Monday, October 09, 2006

"Green" Gerard

As Stephane Dion has performed at least a highly questionable act, missing the vote on Kyoto, I was motivated to reflect on Gerard Kennedy's platform on the environment. One of Gerard Kennedy's papers on the environment can be found here.

It begins with an introduction by former Minister of Environment, Charles Caccia, MP for Davenport, 1968-2004. Mr.Caccia outlines the importance of certain environment policies, such as the Kyoto protocal, and he also emphasizes the need for a leader who is dedicated to achieving those policies and goals.
To this end we need a leader with a strong commitment to the environment and to environmentally sustainable development; a leader who will not only talk but also walk the talk; a leader who sees beyond the horizon of the next election; a leader who can make difficult decisions. We have such a leader in Gerard Kennedy.
A prominent feature of Gerard's motivation for environment prosperity, is that he knows that our climate, our earth needs real policies that work because of the growing problems we face.
Energy and the environment are becoming the most crucial issues Canadians face. How we produce and consume energy and what we do to protect and preserve the environment, will determine the sustainability of our economy and our lifestyle.
This is what differentiates Kennedy from the other candidates, the role of the economy in relation to the environment. A major factor of the American's not signing on to Kyoto was that other countries would profit by the U.S. being hampered by environmental restrictions. Thus economic concerns outweighed the environment to the Americans. Mr. Kennedy does not place economic interests over environmental interests; he sees them as mutual perpetuating forces, that with the guidance of the federal, provincial, and municipal governments can better both spheres.
While markets are important and have an important role in solving our energy and environmental challenges, it is only by combining markets with federal, provincial, business and NGO leadership that we will become a clean energy superpower.
Having environmental and economic interests working towards a successful Canada, industry and technological advances will serve as a byproduct which will only serve to further the virtuous cycle of environment sustainability and growth.

Gerard Kennedy is putting forth a National Strategy for Energy and Environment. Planning to work with the provinces is necessitated by the reform needed to thoroughly direct environmental policies; "We have to merge and integrate environment and economic policies. We have to modernize federal and provincial tax systems. We have to give momentum to environmentally beneficial technologies." Kennedy advocates such a strategy, a strategy that will work with the provinces and regions to protect the fragile ecosystems that exist in Canada while fostering green-friendly industries, "There is a role for a national framework – a strategy to get the provinces working, in their own way, toward the same common environmental goals and targets."

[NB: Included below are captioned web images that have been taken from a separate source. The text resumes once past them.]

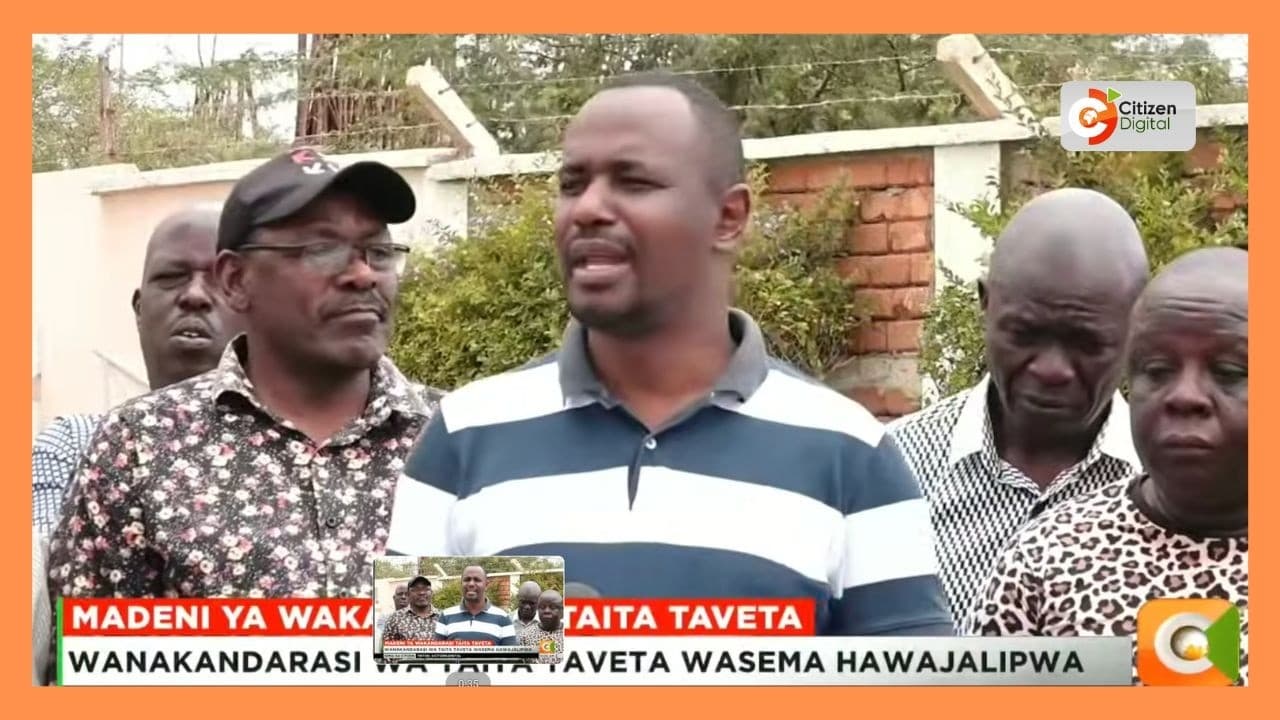 Wakandarasi Taita Taveta Wataka Kulipwa Madeni ya Kuanzia 2013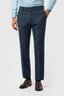 Blue Herringbone Check Men's Trousers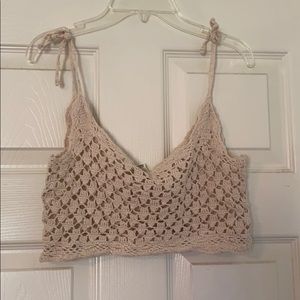 Billabong crochet top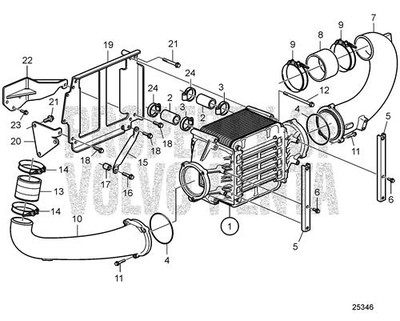 Bracket by Volvo Penta (21244606)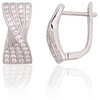 Diamond Sky Jewelry Sidabriniai auskarai su cirkoniais „Golden Sparks II“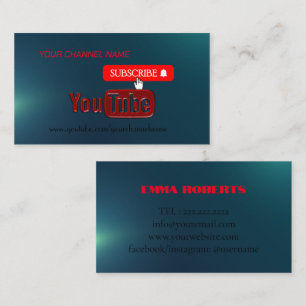 Cartão de Visita de Canal do Youtube, Youtuber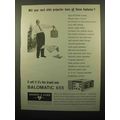 1961 Bausch & Lomb Balomatic 655 Projector Ad - Features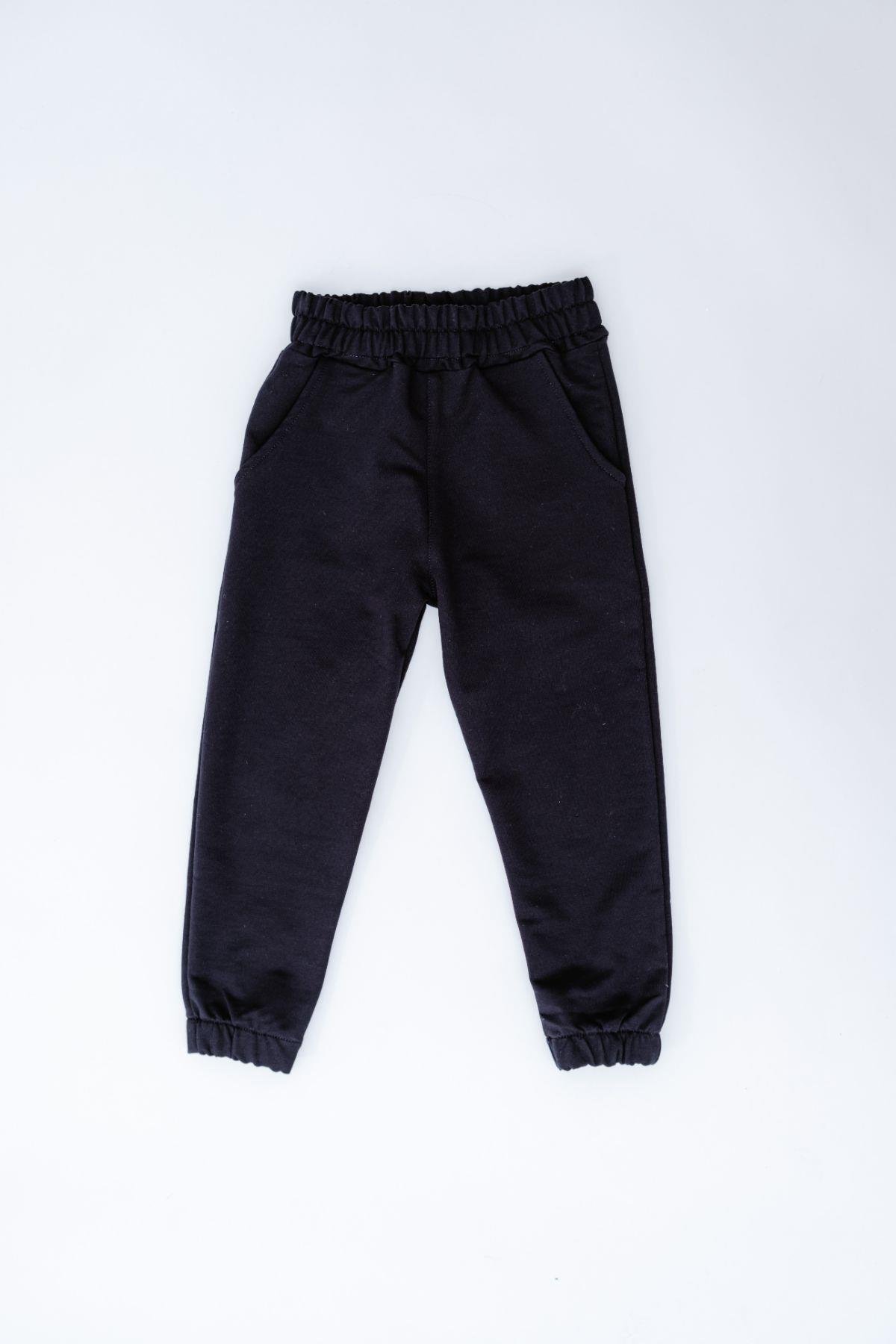 C&City Kız Çocuk Lastikli Paça Eşofman Altı 760 Lacivert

Energy and environment issues are gaining momentum and importance. As an advanced nation, we have a duty and responsibility to develop a plan that maximizes the value of our resources, minimizes the impact of their extraction and utilization and also protects our environment.

We have to decentralize the decision-making process and seek the input of those who are most actively involved in energy production and environmental protection. We must adopt energy and environment policies that reflect the challenges our producers face from the oil fields off Newfoundland’s coast to the energy sector in Alberta.

Gerard Kennedy does not leave it at just talk, a crucial difference between Gerard and others, is his reliance on results. If a policy isn't working, if it's just talk it is worthless. He provides not just policies but a system of assurances to determine if these policies are as effective as they should be. His framework for his strategy on Environment and Energy has three pillars:

• it will be based on supply and demand of energy
• it will encourage and reward conservation and the production and use of clean energy
• and it will be measured relentlessly: Is it working? Is it cost-effective? Is the environment getting better and the economy getting stronger?

We will recognize sound environmental stewardship – as a driver for creativity, innovation, product development and ultimately profitability and we will encourage enterprise -- innovators and risk takers should be rewarded for their leadership and for driving innovation.

Elements of the plan include:
1. Setting national objectives for alternative fuels and sources of energy including:
• 5 per cent renewable fuels by 2010 and 10 per cent by 2015 (for example, ethanol, bio-diesel)
• 5000 MW of wind energy by 2010, and 10,000 MW by 2015
• 500 MW of new biomass, geothermal and solar energy by 2010, and 3000 MW by 2015

2. Providing reasonable production incentives to produce renewable energy. For example, we will drive innovation by using the tax code to encourage investment in environmental technologies that will result from higher risk, longer term R&D.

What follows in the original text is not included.